The fact was that neither of us was ready to live the way we were living. In myself I felt an openness, a readiness to join in laughter with him over it all—it was a good enough joke that I was fat and peed on things, and if we worked together we could forget here and there that it had been played on us. But he was still shocked and sealed and hoping to harden.

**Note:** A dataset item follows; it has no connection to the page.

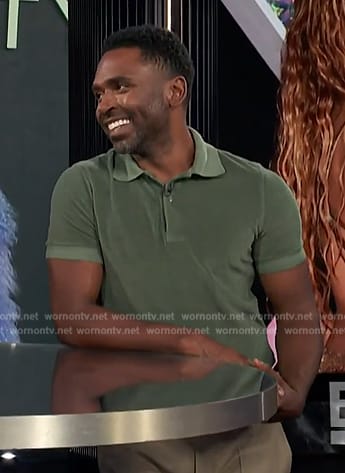 Justin's green plush polo shirt on E! News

    We went to dinner that night—Frances, Bert, and I—and Bert’s intervenors arrived at the house while we were out. They were set up in the living room when we came in, the finest chair waiting for me.
    Four on the sofa, too many for it to hold: my wife, my son, and her sons. Four on kitchen chairs set against the wall: her parents, her brother, my friend. One seated backward on the piano bench: her friend, the decoy, the cookie-arranger, the one I would be allowed to attack. Three dogs in a fuddlement of arousal. An empty chair for my brother, whose plane was late. Every face a flake of courage. Even in recollection I find the prickle of a choked protest upon me like some inexpressible sneeze.
    Let’s talk! First, greetings to all and sodden commendations. And then who are you, and why are you here? We went down the line. Once three people had spoken there weren’t any answers left—

    I’m here because Bert asked me to be here.
    I’m here because I feel a duty to be here.
    I’m here because I care about this family.
    I’m here for the same reason as Larry.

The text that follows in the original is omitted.